# Asrock G41M-S3 + Xeon l5420 overclocking advice



## Tsunamacos (Aug 4, 2015)

Hello dera community,

I am reading all good things are posted here and are very helpfull.

I Have a Asrock G41M-S3 so i put on it an intel xeon l5420.
After i boot the p/c runs well with out any problem.
I want to ask if i must update the microcode and if i must please help me how to do it.

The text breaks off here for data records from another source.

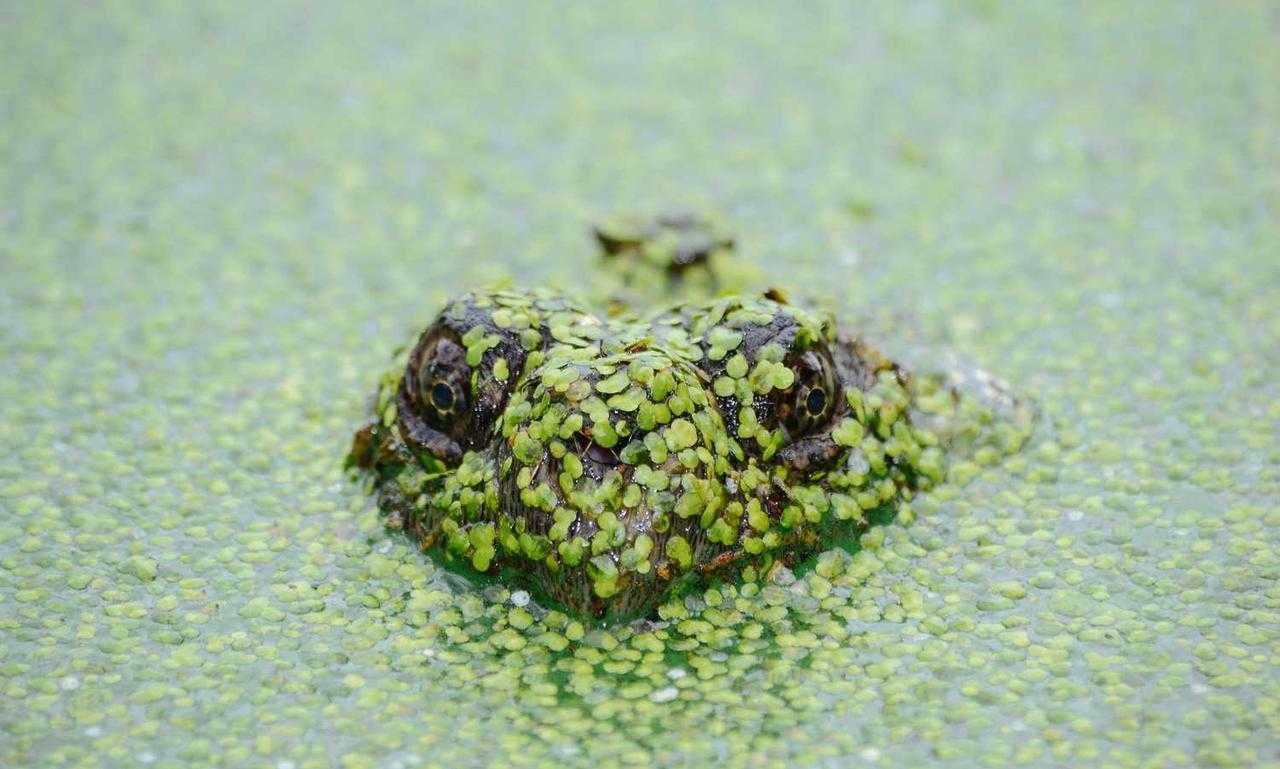 food blog fhthopefood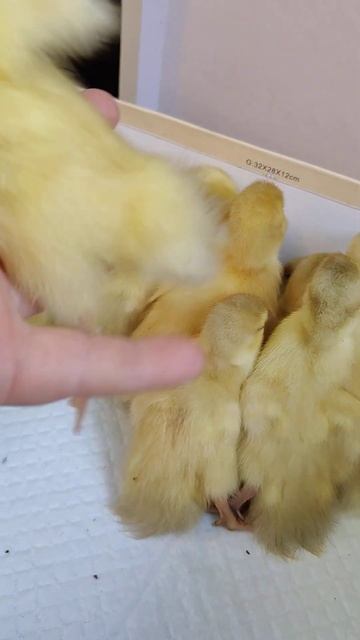 Индоутками занимаюсь 4ый год, основной шоколадный окрас в работе, и миксованные🦆 #индоутки #казань смотреть онлайн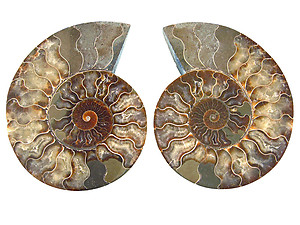 Ammonites Cut and Polished 6-10 inch - Pairs - AAA Quality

I try also the settings for dram 1333 with the jumpers but i run 1066

Also i try to overclock the cpu but i cant more than 346 fsb 2,597 GHz

I had read from other users that they run 400 fsb 3.0 GHz

I am playing world of tanks so i want more FPS and for this reason i make this update.

My p/c info are
Mobo ASROCK G41M-S3
Intel xeon l5420
RAM 2x4gb corsair XMS3 1333
MSI GTX 960 gaming 2gb
SSD Teamgroup 120gb

Please any advise will be very helpfull.

Best regards


----------



## dorsetknob (Aug 4, 2015)

your aware that ASROCK G41M-S3 motherboard is socket 775 and your Cpu
Intel xeon l5420 is socket 771
so it has been modded to accept the Cpu
officially the board does not support Xeon cpu so you may need to update the microcode if when you boot the pc it says Cpu not Reconised
this site may have the info you need
well worth trawling through this site for the info you may need
http://www.delidded.com/lga-771-to-775-adapter/


----------



## OneMoar (Aug 4, 2015)

take pictures of your current bios settings and post them


----------



## Tsunamacos (Aug 4, 2015)

No i dont have any message when i boot.just boot and everything is ok

Here the bios photos 

  
Thanks


----------



## dorsetknob (Aug 4, 2015)

your bios supports the Xeon Cpu so you need no microcode injection


----------



## Tsunamacos (Aug 4, 2015)

Ok thats nice.
But i cant overclock this cpu.
Only 346 fsb

if i go more then is freezing

Even dont run 1333

i try the settings with jumpers but nothing


----------



## Toothless (Aug 4, 2015)

Then that's as high as you're going to run the poor thing at.


----------



## Tsunamacos (Aug 4, 2015)

Ok but other users how had overclocked this cpu and i cant do the same?


----------



## Toothless (Aug 4, 2015)

Not every board and chip overclock the same. You probably were looking at people with good silicon while yours isn't as good.


----------